[SUPPLIED DATA]
»»

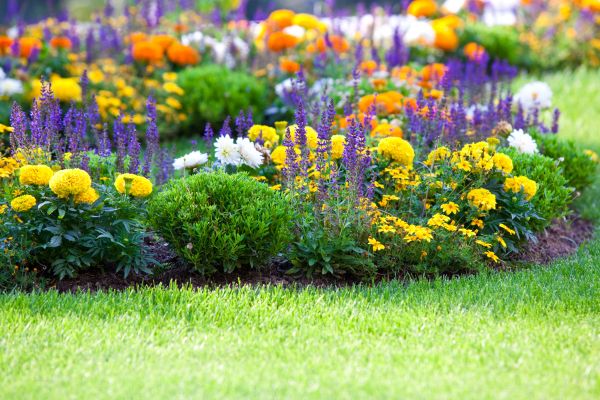 Flower Bed Maintenance in North Tonawanda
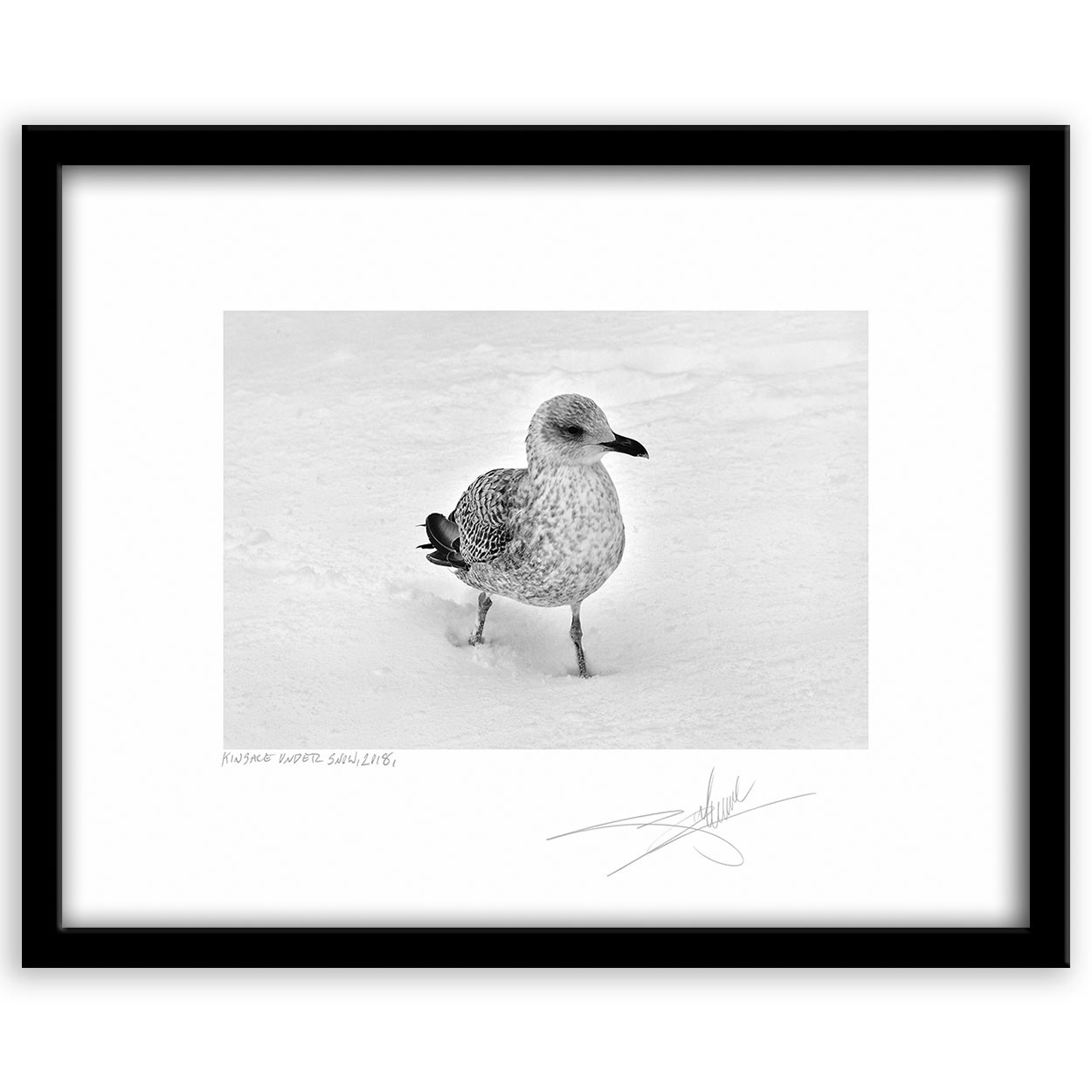 1250x1250 Kinsale Black And White Photography Giles Norman Gallery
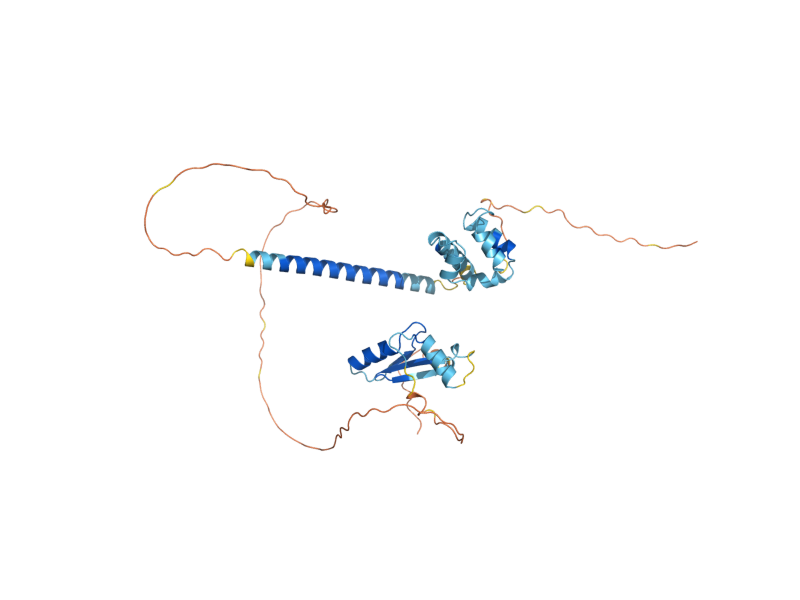 AlphaFold predicted structure of STE50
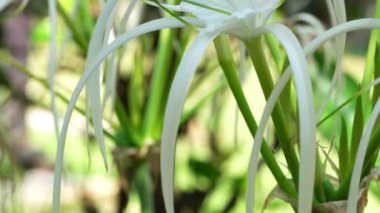 Crinum asiaticum ya da Crinum zambağı ya da rüzgârda uçuşan Örümcek Zambağı çiçekleri.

««

[ASSIGNED TASK]
Leave out the pictures, and please output only the lines from the line that contains "AlphaFold predicted structure of STE50" through the end of the data, both ends included.

[TASK ANSWER]
 AlphaFold predicted structure of STE50
 Crinum asiaticum ya da Crinum zambağı ya da rüzgârda uçuşan Örümcek Zambağı çiçekleri.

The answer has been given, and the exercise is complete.